Regular exercise lowers stroke risk

ISLAMABAD, (Pakistan Point News - 07th Nov, 2016 ) : Exercising enough to break a sweat most days might slightly reduce the risk of stroke in middle-aged and older people compared to those who are inactive, a new study suggests. The study results indicate that "you can control your destiny with regards to stroke," said study lead author Michelle McDonnell. "A healthy diet, healthy body weight, regular exercise and not smoking combined can reduce your risk of stroke by 80 percent.
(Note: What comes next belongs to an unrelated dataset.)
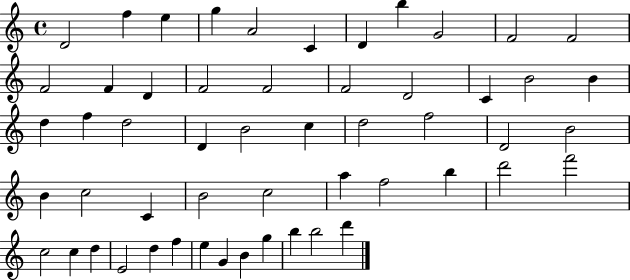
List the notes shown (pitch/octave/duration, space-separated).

D4/h F5/q E5/q G5/q A4/h C4/q D4/q B5/q G4/h F4/h F4/h F4/h F4/q D4/q F4/h F4/h F4/h D4/h C4/q B4/h B4/q D5/q F5/q D5/h D4/q B4/h C5/q D5/h F5/h D4/h B4/h B4/q C5/h C4/q B4/h C5/h A5/q F5/h B5/q D6/h F6/h C5/h C5/q D5/q E4/h D5/q F5/q E5/q G4/q B4/q G5/q B5/q B5/h D6/q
Here we show that regular physical activity is an important aspect of that and should be encouraged," Science Daily reported. According to McDonnell, researchers already know that exercise directly reduces the risk of stroke by improving the health of blood vessels, and indirectly by improving risky traits such as high blood pressure and obesity. The new study is unusual because it attempts to identify the effect of exercise on stroke risk and because it tracks people over time instead of relying on people's memories, said McDonnell, a lecturer in the School of Health Sciences at the University of South Australia.

The researchers tracked more than 27,000 Americans starting between 2003 and 2007 for an average of nearly six years. Many were blacks from the "Stroke Belt," an area of the southeastern United States that has an especially high stroke rate. Everyone was 45 or older at the beginning of the study, and none had previous strokes. A total of 3.1 percent of those who said they vigorously exercised four or more times a week at the beginning of the study suffered strokes.

The percentages were 3.3 for those who exercised one to three times weekly and 3.6 for those who didn't exercise, according to the study authors. The research also suggested men got more benefit from exercise than women on the stroke front. "There has been some research to suggest that women perhaps benefit from less intense exercise, like walking, but seeing as we didn't ask this question in our study we really can't speculate any more than that," McDonnell said.